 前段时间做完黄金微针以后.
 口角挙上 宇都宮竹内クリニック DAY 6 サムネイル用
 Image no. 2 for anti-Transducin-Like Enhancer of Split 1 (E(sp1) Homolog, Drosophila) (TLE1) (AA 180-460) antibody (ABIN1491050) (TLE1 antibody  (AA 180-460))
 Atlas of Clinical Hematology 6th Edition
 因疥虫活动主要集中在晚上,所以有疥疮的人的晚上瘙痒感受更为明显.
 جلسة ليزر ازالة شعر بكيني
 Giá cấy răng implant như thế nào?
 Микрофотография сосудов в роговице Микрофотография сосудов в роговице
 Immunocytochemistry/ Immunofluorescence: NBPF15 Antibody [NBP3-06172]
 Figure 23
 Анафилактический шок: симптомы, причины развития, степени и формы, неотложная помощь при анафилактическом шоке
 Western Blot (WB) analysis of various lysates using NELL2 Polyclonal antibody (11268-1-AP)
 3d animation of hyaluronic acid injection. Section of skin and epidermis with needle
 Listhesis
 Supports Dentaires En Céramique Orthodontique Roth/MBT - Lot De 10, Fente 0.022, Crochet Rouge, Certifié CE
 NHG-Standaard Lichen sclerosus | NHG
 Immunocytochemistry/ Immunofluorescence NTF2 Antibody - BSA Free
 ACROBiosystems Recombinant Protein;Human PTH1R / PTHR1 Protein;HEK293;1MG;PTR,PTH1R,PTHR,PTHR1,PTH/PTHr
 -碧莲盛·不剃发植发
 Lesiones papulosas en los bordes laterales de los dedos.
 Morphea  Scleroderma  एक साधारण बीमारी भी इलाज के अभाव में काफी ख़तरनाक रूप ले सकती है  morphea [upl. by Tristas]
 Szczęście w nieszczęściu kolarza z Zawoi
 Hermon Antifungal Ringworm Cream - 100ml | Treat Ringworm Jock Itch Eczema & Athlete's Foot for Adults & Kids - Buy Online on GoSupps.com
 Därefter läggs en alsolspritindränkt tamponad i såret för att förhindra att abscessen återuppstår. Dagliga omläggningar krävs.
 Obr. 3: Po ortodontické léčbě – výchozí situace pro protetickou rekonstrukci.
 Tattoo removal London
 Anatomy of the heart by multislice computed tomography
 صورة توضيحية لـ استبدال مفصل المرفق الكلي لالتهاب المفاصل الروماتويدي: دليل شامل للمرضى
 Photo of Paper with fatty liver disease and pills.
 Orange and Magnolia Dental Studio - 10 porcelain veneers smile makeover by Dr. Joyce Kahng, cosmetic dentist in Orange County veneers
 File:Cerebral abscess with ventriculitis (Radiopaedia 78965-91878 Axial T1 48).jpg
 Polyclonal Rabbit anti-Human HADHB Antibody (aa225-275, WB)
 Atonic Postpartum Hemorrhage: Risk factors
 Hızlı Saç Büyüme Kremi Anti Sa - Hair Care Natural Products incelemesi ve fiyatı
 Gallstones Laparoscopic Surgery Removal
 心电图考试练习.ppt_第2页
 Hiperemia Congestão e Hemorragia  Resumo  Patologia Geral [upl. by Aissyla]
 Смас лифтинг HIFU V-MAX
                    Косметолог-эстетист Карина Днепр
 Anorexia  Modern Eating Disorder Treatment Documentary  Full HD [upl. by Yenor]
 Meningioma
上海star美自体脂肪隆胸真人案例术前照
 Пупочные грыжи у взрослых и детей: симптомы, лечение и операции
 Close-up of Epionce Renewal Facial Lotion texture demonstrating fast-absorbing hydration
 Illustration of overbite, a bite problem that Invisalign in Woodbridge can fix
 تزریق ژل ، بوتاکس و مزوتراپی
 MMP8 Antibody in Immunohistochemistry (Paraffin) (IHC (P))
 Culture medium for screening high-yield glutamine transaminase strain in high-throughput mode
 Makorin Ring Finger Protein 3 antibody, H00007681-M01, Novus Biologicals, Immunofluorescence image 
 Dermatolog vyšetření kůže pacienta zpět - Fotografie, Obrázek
== == ==
EXERCISE AIM
Pull each line containing "with" from the records.

ANSWER SPACE
 3d animation of hyaluronic acid injection. Section of skin and epidermis with needle
 Photo of Paper with fatty liver disease and pills.
 File:Cerebral abscess with ventriculitis (Radiopaedia 78965-91878 Axial T1 48).jpg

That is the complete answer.